Asked if Marquez was the better boxer even in that fateful night, the five-time Hall of Fame inductee retorted: "I would not even agree to that. Manny was dominating and leading when Marquez delivered that knockout punch."
"One punch made everything, that's what happened," the 52-year-old boxing guru said. "Marquez only got lucky. One punch doesn't make one a better boxer. I don't think so."
Roach admitted what happened was a mistake committed by Pacquiao, adding his prized pupil of 12 years himself admitted the error in their talk at the Los Angeles International Airport before Pacquiao and his team left for Manila last Monday night.

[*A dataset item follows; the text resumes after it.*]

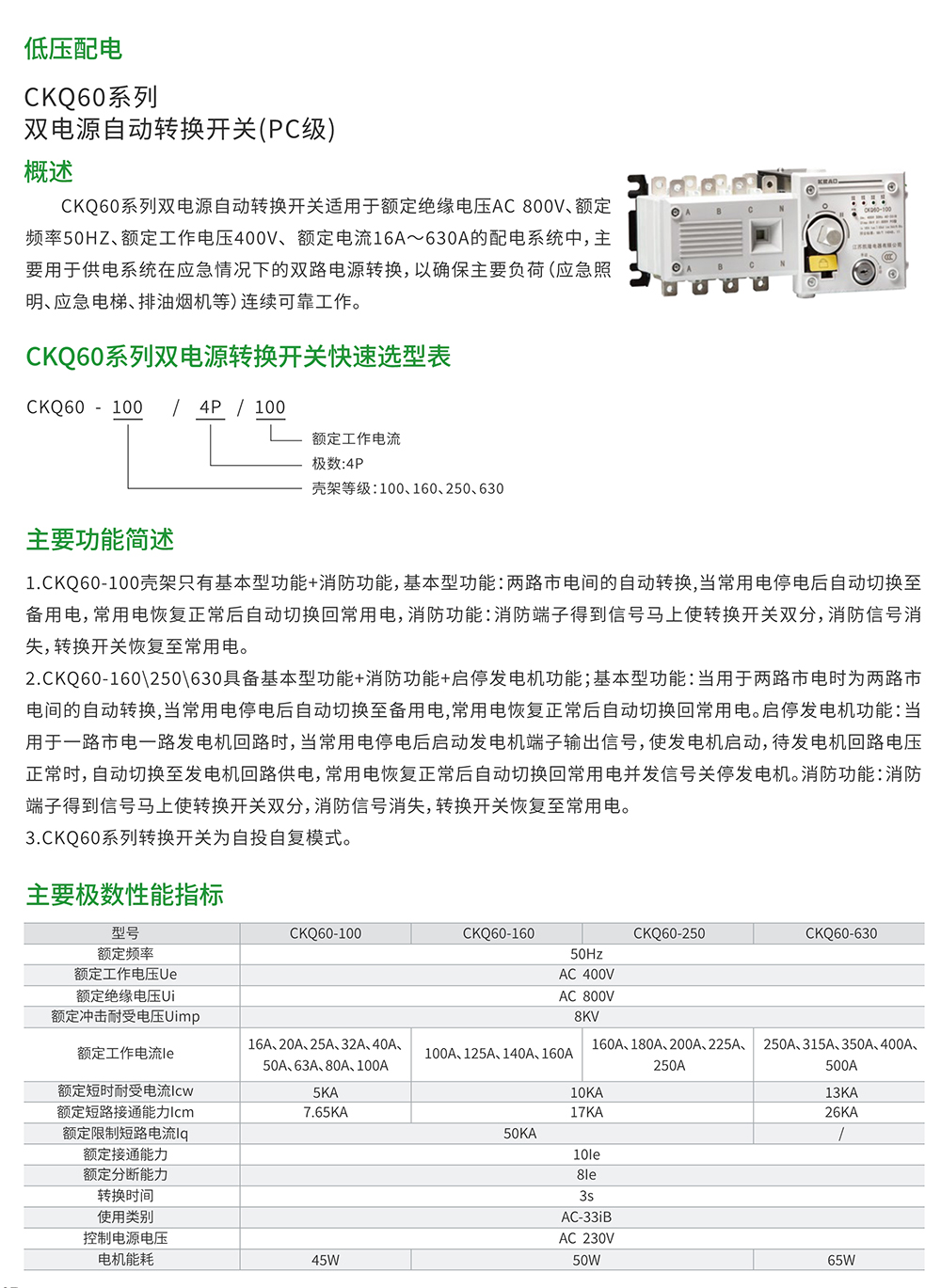 CKQ60系列雙電源轉換開關(PC級)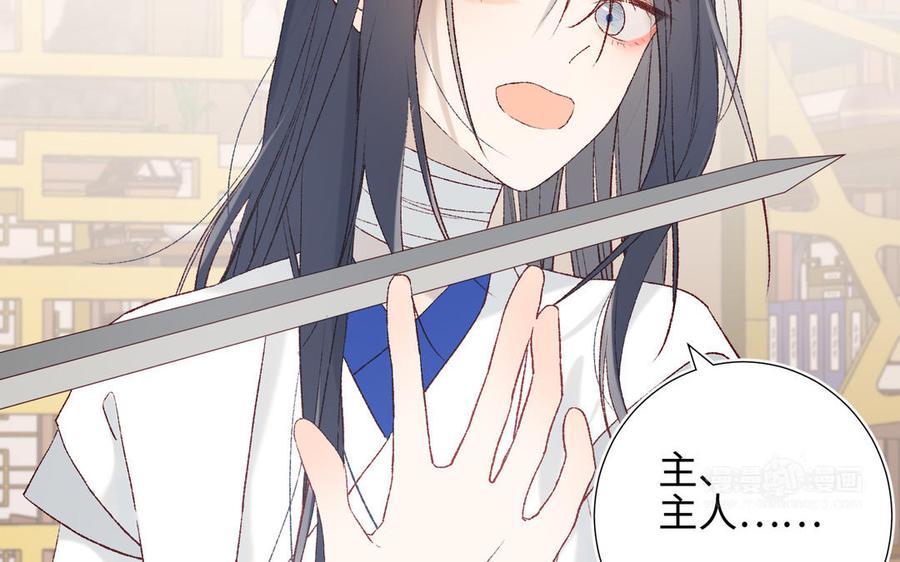 恶女拒绝泡男主10话 替天行道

"Manny told me he knew he's got Marquez when the sound signifying the last 10 seconds of the round sixth came, Roach recalled. "He turned too eager to finish Marquez off but was too far a distance to make a connection. He instead got into Marquez's right after a miss. And that's it."
"Only a second left of the round. Had it ended with both of them standing, Manny could have increased his lead in the scorecard and could succeeded in knocking out Marquez in the next round or even in the eighth because his nose was broken and blood coming out from it heavily," he noted.
"No one's to blame for what happened. We had a good camp. Manny's in top shape and he was doing what he's supposed to do during the fight, executing what we planned," Roach said in defending his ward against criticism the former pound-for-pound king did not prepare enough for the fight.
"They are even blaming Manny for pretending to interview Larry Merchant on the night before the fight. But that's what he is. Manny's a happy and jolly guy," he stressed.
"Many things, you know, can happen in boxing," he said. "Sometimes, you see, you're in control of the fight, then you suffer a cut, accidental or otherwise, and you lose. That hurts, but you don't have any control in those."
"We call them breaks of the game, which often go even to the best of them. Victims must have to live with them," Roach remarked. "If one ends up at the losing end of the breaks, what he can do is just accept them. Move on, learn his lesson come back in the next fight."